REQUIRED ACTION
The entries below contain a stretch that opens with the line containing "Конденсатор VJ1206A221JXEAT фотография 2." and closes with the line containing "Шумомер ,CEM DT-805"; set down that stretch exactly, both ends included, and nothing else.

DATASET ENTRIES
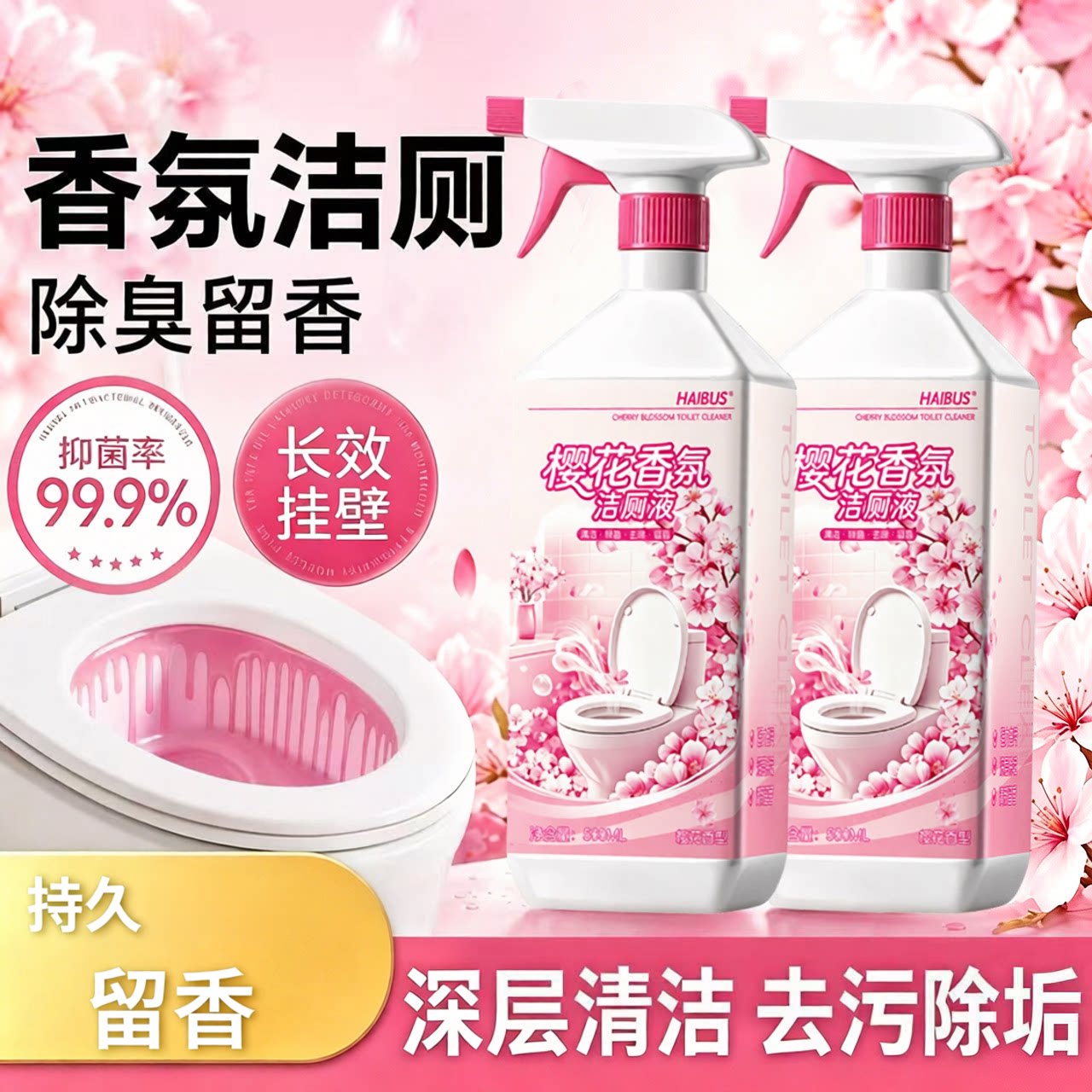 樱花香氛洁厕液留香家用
==
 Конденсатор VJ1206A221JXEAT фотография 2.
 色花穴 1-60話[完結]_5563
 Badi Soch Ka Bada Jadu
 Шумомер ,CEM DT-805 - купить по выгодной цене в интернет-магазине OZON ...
--
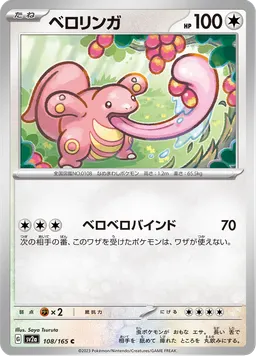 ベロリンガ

RESPONSE TO THE TASK
 Конденсатор VJ1206A221JXEAT фотография 2.
 色花穴 1-60話[完結]_5563
 Badi Soch Ka Bada Jadu
 Шумомер ,CEM DT-805 - купить по выгодной цене в интернет-магазине OZON ...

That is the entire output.